Bessie Bordenave said she cried in September when her beloved Harriet Tubman High School was reopened as a cultural center.
“I was like, ‘Oh my goodness, I can’t believe this is happening.’ Just thinking about it makes me emotional. I think about how great it turned out to be,” she said. “The children from the various schools come and get a taste of what it was like going to the school back then. … I think the children do need to know.”
Bordenave, 79, has been leading the fight for decades to make sure the memory of Howard County’s last all-Black high school was properly honored.
In the half-century since it closed — just three years after Bordenave graduated — the building in Columbia was used as a maintenance facility and then sat vacant. Now, the renovated school building is home to hundreds of pieces of memorabilia, offering a peek at life before schools in America became integrated.
“It is exactly the way I envisioned it to be. It is being used by everybody.
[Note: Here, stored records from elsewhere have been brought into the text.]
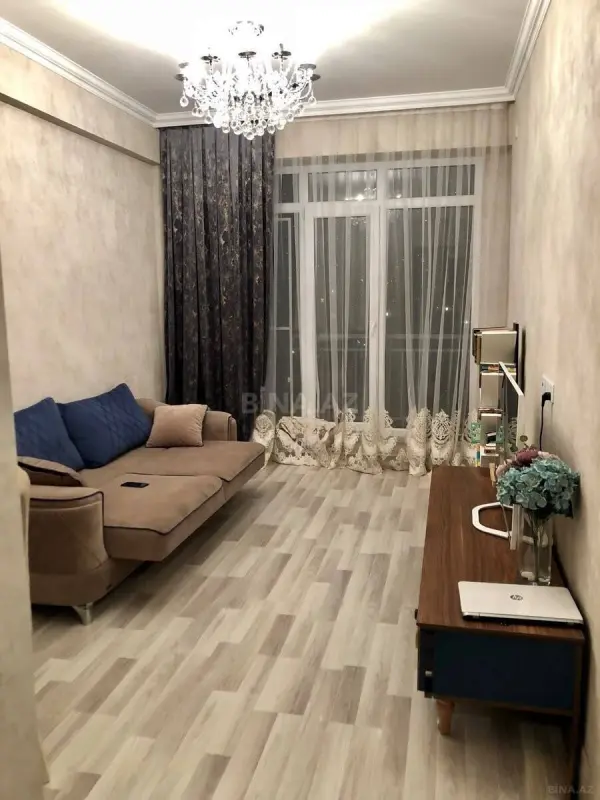 Kirayə verilir 2 otaqlı mənzil 45 m²
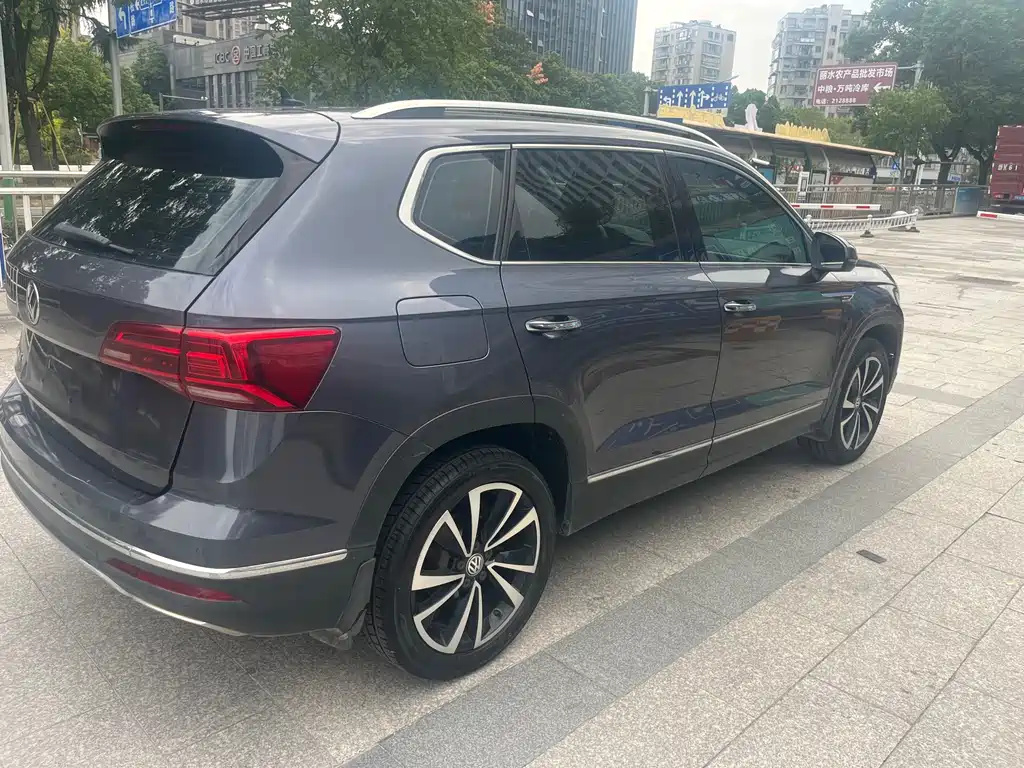 Volkswagen Tharu — миниатюра 3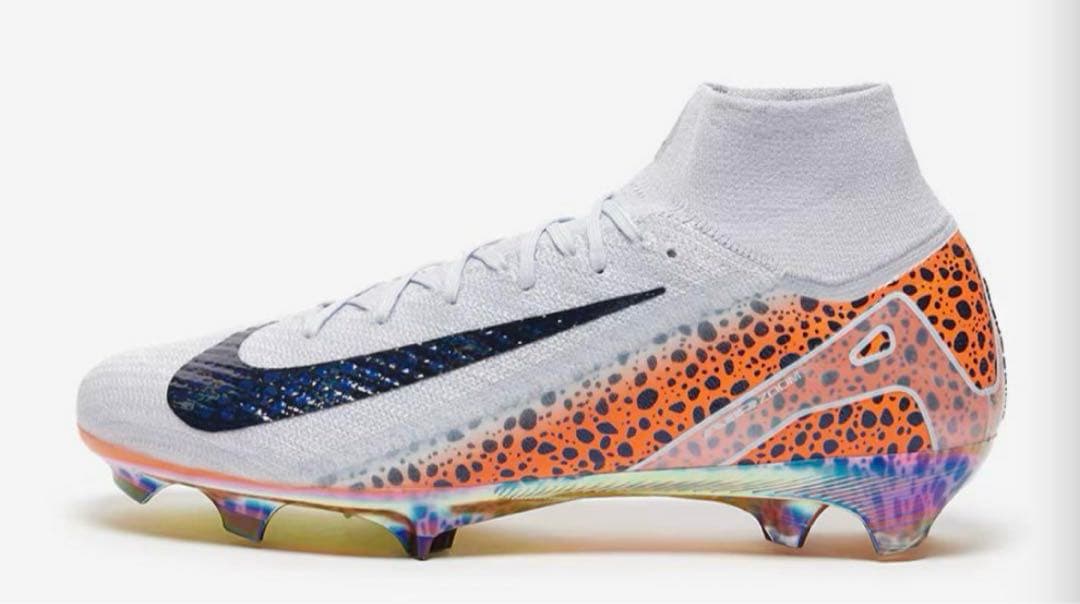 ゆ*ー様 ナイキ　マーキュリアル　スーパーフライ　10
I’m really proud,” said Bordenave, a retired federal employee who once worked in the White House under President Lyndon Johnson answering correspondence.
Harriet Tubman High School didn’t officially close until 1965 — nine years after the Supreme Court ruled that racial segregation in public schools was unconstitutional — because Howard County integrated at a gradual pace.
Around the state, more than 50 of the buildings that once housed all-Black or so-called “colored schools” remain.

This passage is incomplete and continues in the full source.